# Serious Phaeton Crash



## OliverG (Jan 30, 2012)

Hi 

I would like to share with you details of my horrific crash on December 8th 2011 in my 2004 V10 Phaeton, so you can see first hand how strong and safe the vehicle is. My car hit a very large tree head on at dual carriageway speed in Leicestershire, UK during awful weather conditions. All the emergency services were staggered that I left the scene with just a broken femur bone. The fire brigade & paramedics were particularly surprised with regards to: 

1. How strong the car was, they were quite specific that had I been in most other vehicles I almost certainly would have had life threatening / fatal injuries. 
2. The way the car protected me going from dual carriageway speed to zero instantly without even cracking a rib, no internal injuries, and most importantly no spinal injuries whatsoever. They were amazed at the dual seat belt tensioners, seats, and the fact the dashboard, steering wheel and everything else hadn't moved a millimetre during the accident. 

I know most people here already realise the car is very safe and strong, but I didn't realise what it was capable of in a serious crash. 

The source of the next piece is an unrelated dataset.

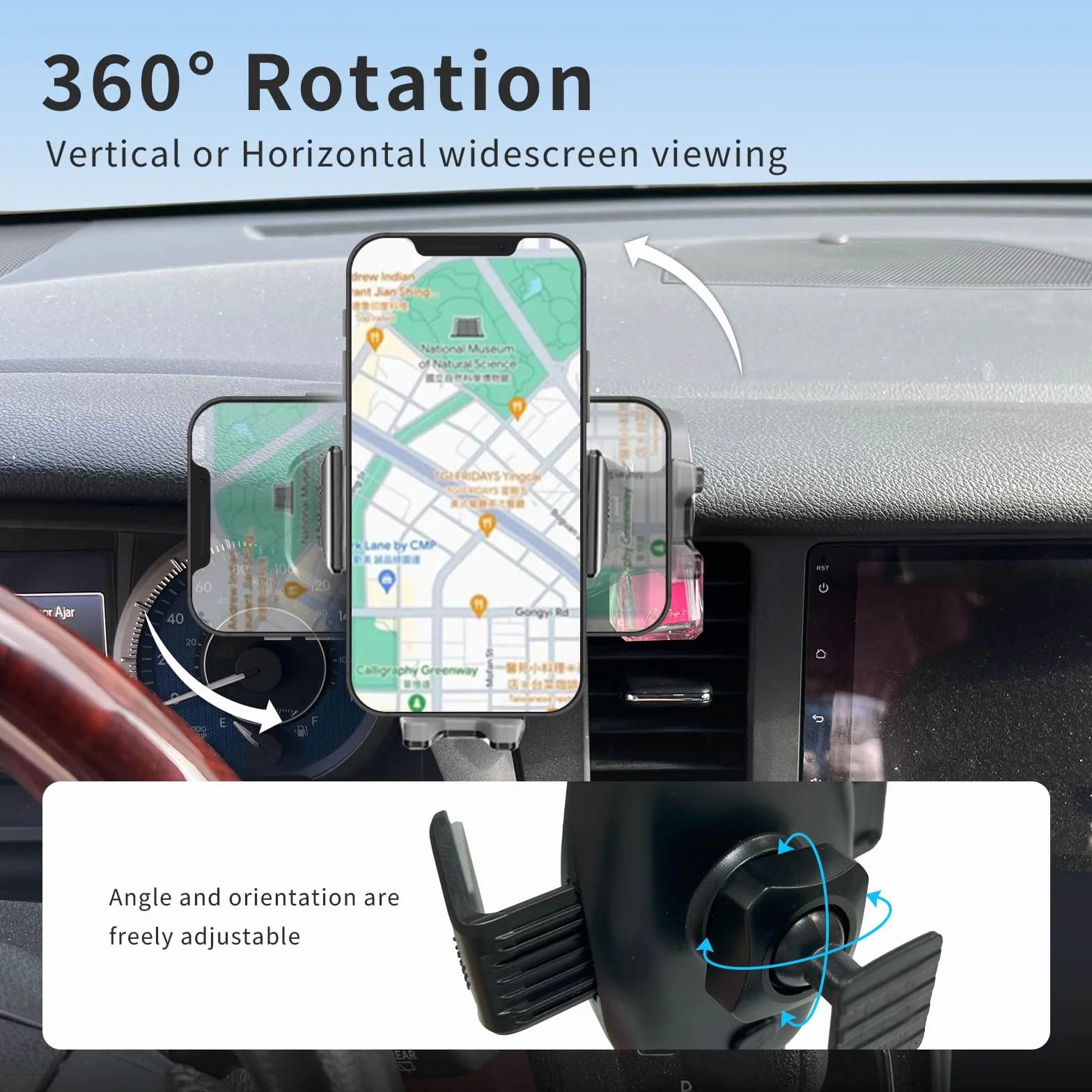 Samochodowy uchwyt na telefon do Toyota Sienna 2015-2020, akcesoria do wnętrza samochodu, uchwyt na telefon na deskę rozdzielczą z metalowym przegubem kulowym, obrót o 360°, stabilny klips na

It goes without question that I am currently ordering my next Phaeton! 

Kind regards 

Oli


----------



## Prince Ludwig (Mar 24, 2007)

Very glad to hear that you're (mostly) in one piece! I know the arguments about risk compensation, but it is nice to know that the car does a good job of protecting its occupants. 

Harry


----------



## Kenny G (Nov 8, 2010)

Wow that sounds bad, hope your leg is healing quickly. Wish we could still buy a new phaeton in the US. The cars are amazing! Take care, 

Ken


----------



## Itzmann (Jan 16, 2006)

Thank you for posting your story and here's hoping for your speedy recovery. 

Do you care to comment on other particulars of the accident... was it a pool of water that took you off road, some other vehicle, what the speed was. 

Best wishes and best of luck with the replacement buying process,


----------



## OliverG (Jan 30, 2012)

Thanks for the kind posts 

Itzmann according to the witness the road conditions were terrible and the car went over some sort of grease, the back wiggled and it hit the tree. The police kept the road shut until it was cleared as other cars slipped on the same patch. On my mind though is the fact various people in my office convinced me to replace the tyres with budget tyres claiming decent branded tyres just made a lot of profit margin and there is no difference between them. Although I can't be certain if this had any bearing... never again will I buy budget tyres and I would recommend you all to avoid them! 

I can't comment on speed for obvious reasons. The limit on that stretch is 70mph. 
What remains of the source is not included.